The treatment was generally well tolerated by patients. The majority of peripheral edema cases was mild to moderate in severity, and resulted in only 4 discontinuations. The incidence of myalgia was lower than expected, and none resulted in discontinuations.

CAPABLE

The CAPABLE study conducted in the US, investigated the efficacy, safety and clinical utility of single-pill amlodipine/atorvastatin therapy among 499 African-American patients) with concomitant hypertension and dyslipidemia (under-researched group (Flack et al 2006a). Research to study therapies for the reduction of cardiovascular risk in the African-American population is particularly important as hypertension is more common among African-Americans than other US ethnic groups (Flack et al 2003). The design of the CAPABLE study was similar to that of the GEMINI study, but enrolled 500 African-American men and women and analyzed BP and LDL-C goal attainment over 20 weeks rather than all ethnic groups with 14 weeks of follow up. Overall, at the end of CAPABLE 48.3% of patients reached both their blood pressure and LDL-C goals (compared with 0.8% at baseline) indicating the utility of amlodipine/atorvastatin to lower BP and lipid levels in this ethnic minority population, which is at a high risk of CVD events. A substudy of CAPABLE also demonstrated that amlodipine/atorvastatin improves 24 hour ambulatory BP (Flack et al 2006b).
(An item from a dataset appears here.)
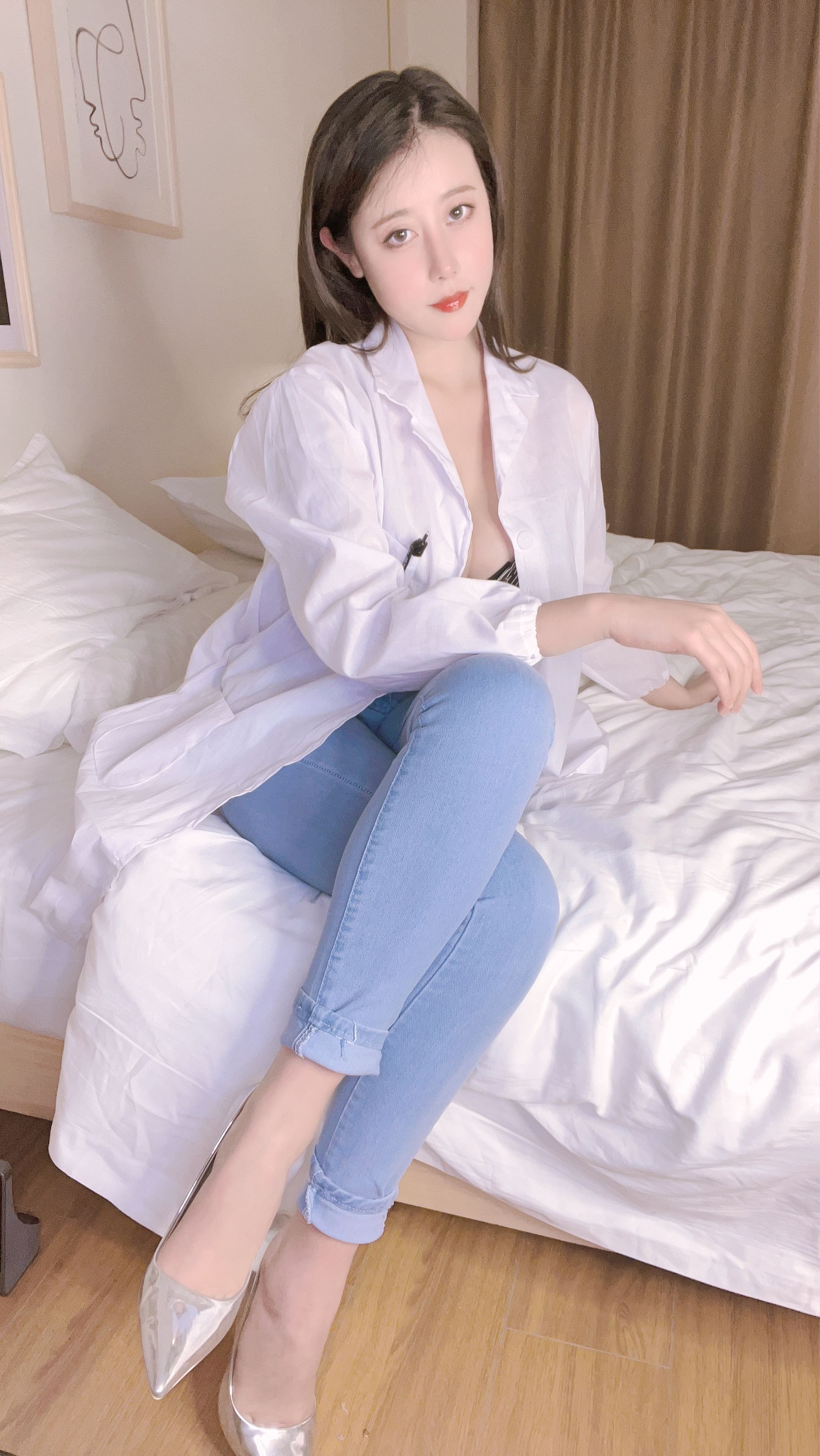 [福利COS] 萌妹奈汐酱nice - 禁忌医生（50P）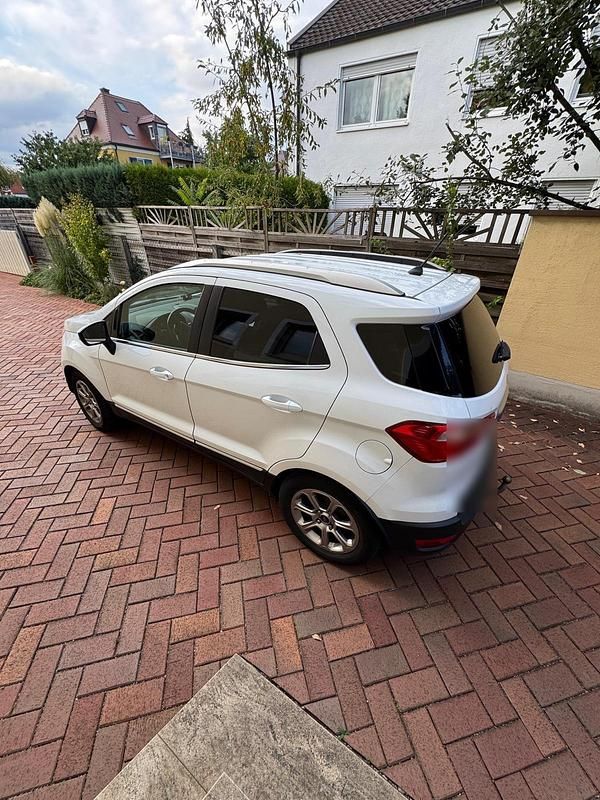 Gebraucht Ford Ecosport Titanium 125 PS (91 kW) 2018 Weiß SUV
Real-life prescribing data

The Caduet Concordance Research Program and Education (CARPE)-PBM Concordance Study (Nichol et al 2006) utilized claims data from a large US database, to assess differences in concordance between single-pill amlodipine/atorvastatin therapy in comparison with separate antihypertensive and lipid-lowering therapies. The study showed that the probability of achieving concordance with single-pill amlodipine/atorvastatin was almost twice that for amlodipine and atorvastatin taken separately. Compared with patients taking another antihypertensive and another statin separately, patients receiving amlodipine/atorvastatin were almost three times as likely to be adherent to both classes of medication (Nichol et al 2006).

Conclusion

CVD is the most important cause of death and disability in the world. The most important treatable risk factors are hypertension and dyslipidemia. Despite effective therapies, patient concordance with multiple therapies is problematic. The amlodipine/atorvastatin single pill (Caduet) is the first combination therapy treating two risk factors simultaneously, targeting patients with co-existing hypertension and dyslipidemia. It has been shown to improve rates of goal attainment and to be as well tolerated as the parent compounds given individually.